The care home management also experienced escalating conflict with the daughter regarding daily nursing tasks. The situation reached a breaking point on 26 November 2025, when the care home issued a formal letter alleging that the daughter was routinely disrupting care and directly endangering her mother’s physical safety, making it clear that they would likely terminate PB’s placement altogether unless her contact with SB was strictly limited and closely supervised.
To prevent the immediate loss of the placement, a Lower Court Judge upheld these strict contact limits as a temporary, protective measure, choosing not to halt the process for an exhaustive trial over the disputed behaviour.
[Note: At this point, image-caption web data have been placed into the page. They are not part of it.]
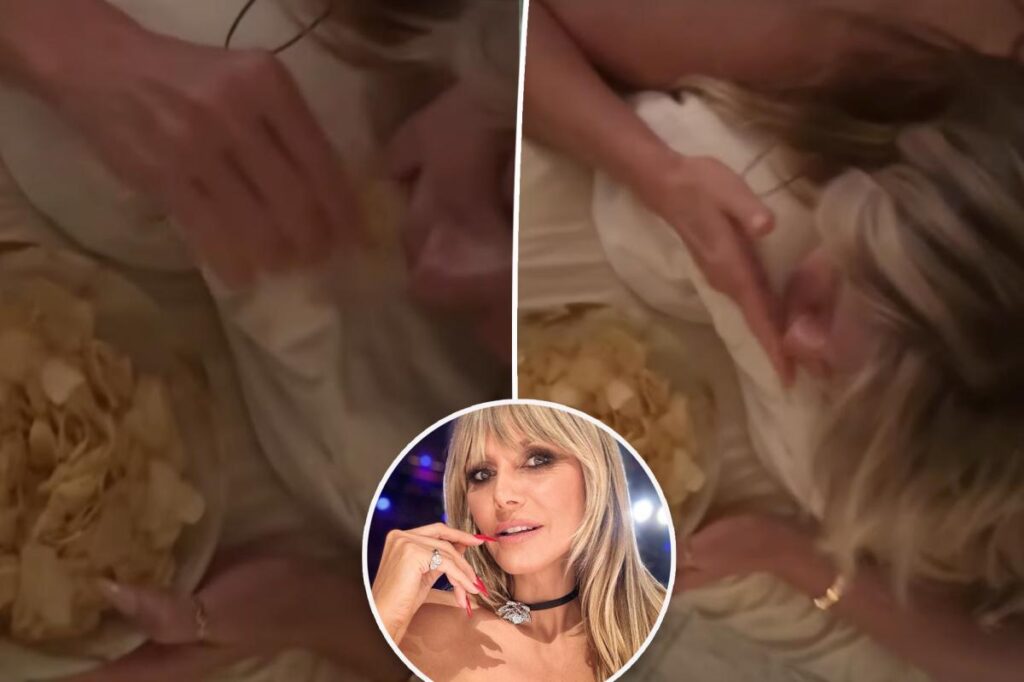 Heidi Klum gets cheeky butt massage while shamelessly chowing down on chips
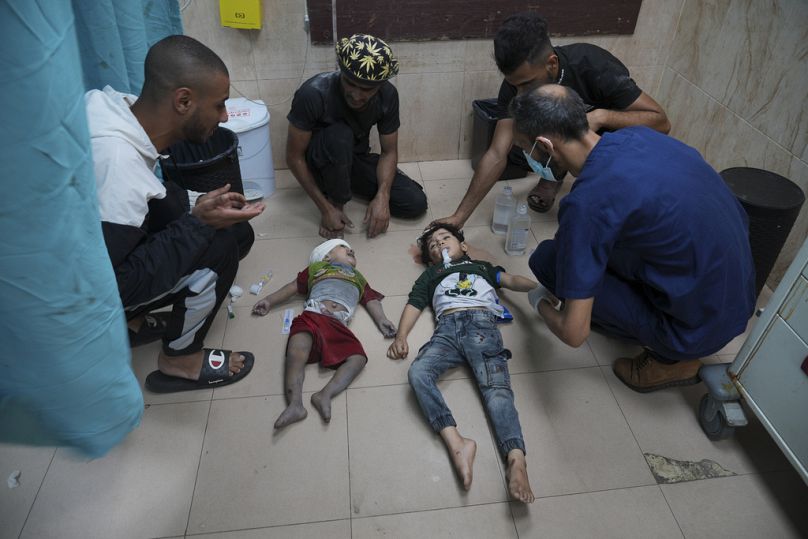 Palestinian children wounded in Israeli bombardment are brought to a hospital in Deir al Balah, south of the Gaza Strip, Thursday, Nov. 2, 2023.
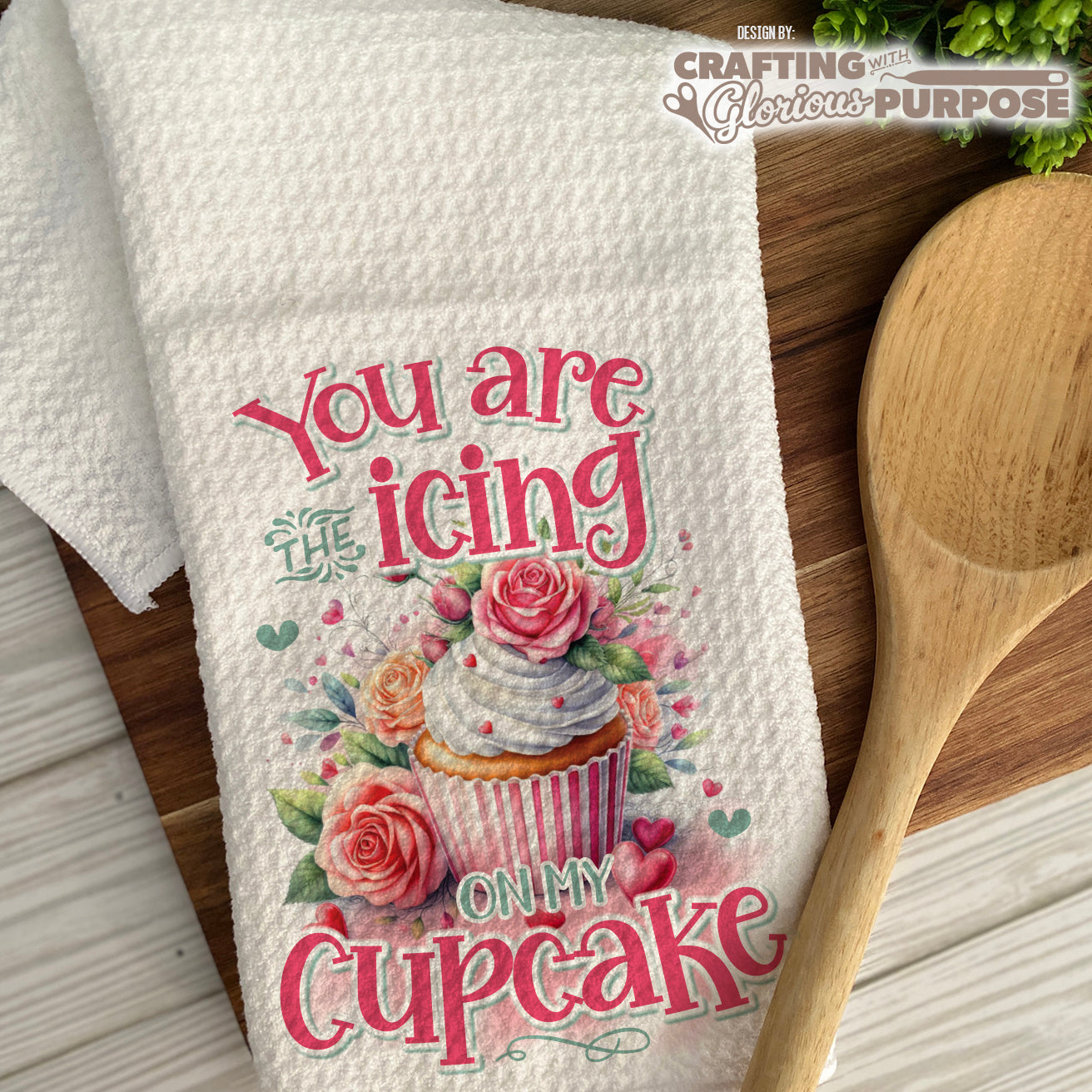 Decorative kitchen towel with a cupcake design and text on a wooden surface.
SB appealed the decision, arguing that the Court had unlawfully capitulated to the provider's commercial leverage, ignored human rights obligations, and abdicated its responsibility to protect family life.
Decision:
The CoP dismissed the appeal, ruling that the initial Judge had acted entirely lawfully within a complex legal framework. The judgement acknowledged that, under Section 73 of the Care Act 2014, private care providers funding state-regulated care are treated as public authorities for the purposes of Section 6 of the Human Rights Act (HRA) 1998, thereby directly engaging the Article 8 right to respect for private and family life. Further, Regulation 9A of the Health and Social Care Act 2008 (Regulated Activities) Regulations 2014 (or HSCA 2008), imposes a positive obligation on providers to facilitate family visits using the least restrictive measures possible under the oversight of the Care Quality Commission (CQC).
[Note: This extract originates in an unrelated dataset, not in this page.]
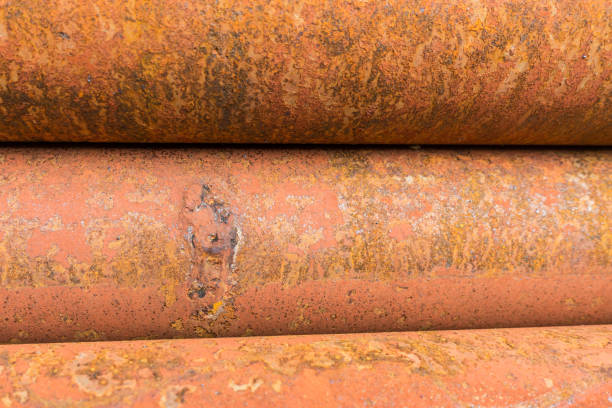point leake on rusty metal tubes and pipes for construction and industrial use laying on heap stock photo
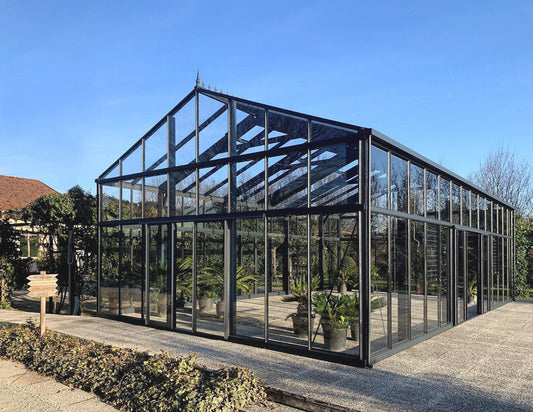 Side view of a black Janssens Gigant glass greenhouse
However, the Court emphasised that regulatory duties do not change commercial realities. Care homes operate under contractual arrangements that allow providers to terminate residency. The welfare court has no legal jurisdiction to rewrite these private contracts or block a lawful eviction pursued through the County Court. Faced with a binary choice between a restricted but stable placement and a sudden, chaotic eviction into a community vacuum, a Judge is entitled to treat the preservation of the placement as a core welfare priority. Protecting a vulnerable adult's roof is not an abdication of judicial duty; rather, it is a recognition that losing a specialised placement causes materially greater harm than continuing a less-than-ideal, restricted arrangement.
Implications:
For families, attorneys, and deputies, this ruling conveys several important lessons. It confirms that, while you have a legal right to fight for family contact, care providers hold significant leverage through their standard contractual termination rights. If a provider threatens eviction due to relationship friction, the Court will prioritise keeping your loved one safely housed over your right to unsupervised visits, focusing on present realities rather than resolving historic disputes.
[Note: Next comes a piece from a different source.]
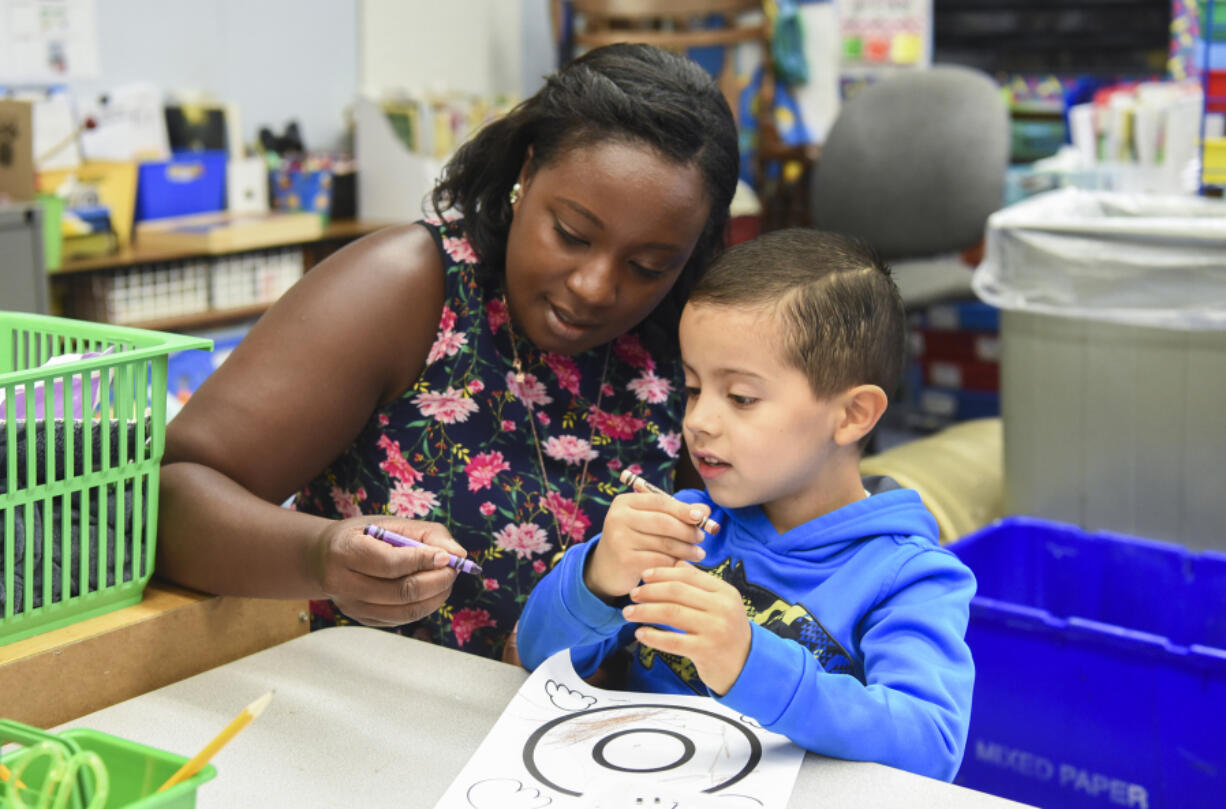 Kindergarten teacher Melissa Bergmann shows Kindergarten Jump Start student Yael Bernat Avila Estrada how to properly hold a crayon during an art project where students learned about the letter “O” at Martin Luther King Elementary School in Vancouver on Monday morning. Through the Vancouver Public Schools Jump Start program, incoming kindergartners get a taste of what their first year of school will be like, including playing with new friends, learning letters and practicing lining up for recess.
Additionally, this judgement outlines that these restrictive contact arrangements are never permanently fixed or immune to challenge. Local authorities are thus placed under a continuous, vigilant duty during Section 21A reviews to keep contact limits under active and meaningful scrutiny. Any further unauthorised reductions in contact, or any material change in circumstances—such as a shift in the provider's stance or the emergence of a realistic alternative placement—will require the welfare balance to be revisited. Finally, even when formal court proceedings end, ongoing concerns regarding the quality of day-to-day care must be continuously managed through the standard deprivation of liberty authorisation safeguards (DoLS) under Schedule A1 of the Mental Capacity Act (MCA) 2005.